Exercise objective | Would you please copy all of the data exactly, skipping the images?

Data below |
........

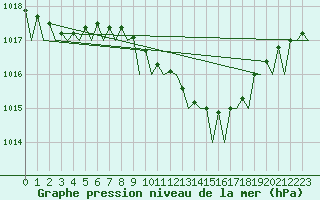 Courbe de la pression atmosphrique pour Ronchi Dei Legionari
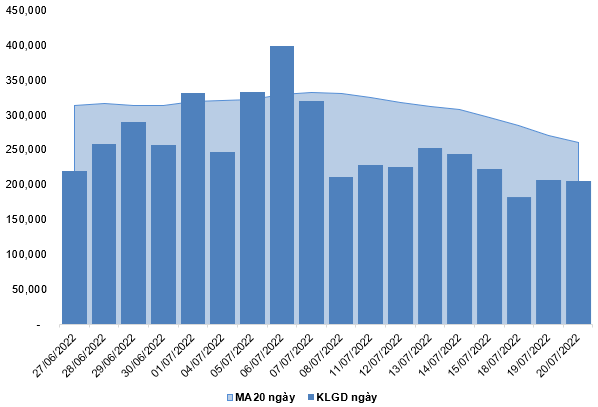 Nguồn: VietstockFinance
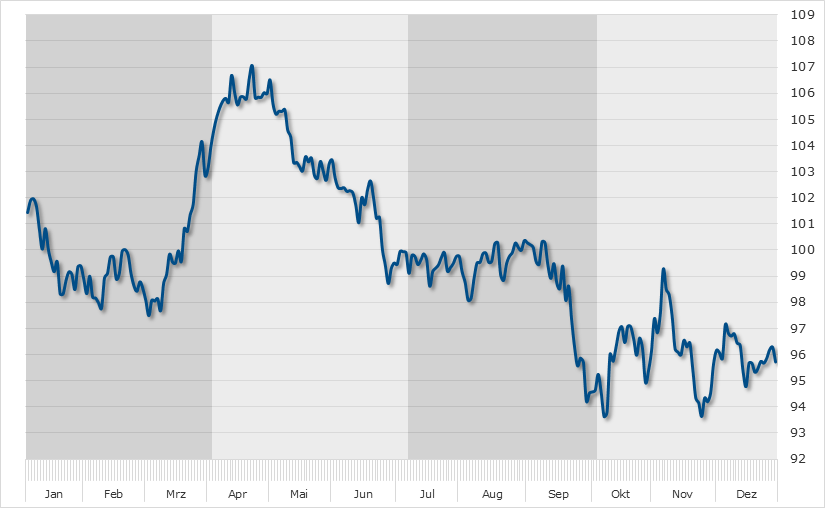 Seasonal Chart Commerzbank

........

Task response |
 Courbe de la pression atmosphrique pour Ronchi Dei Legionari
 Nguồn: VietstockFinance
 Seasonal Chart Commerzbank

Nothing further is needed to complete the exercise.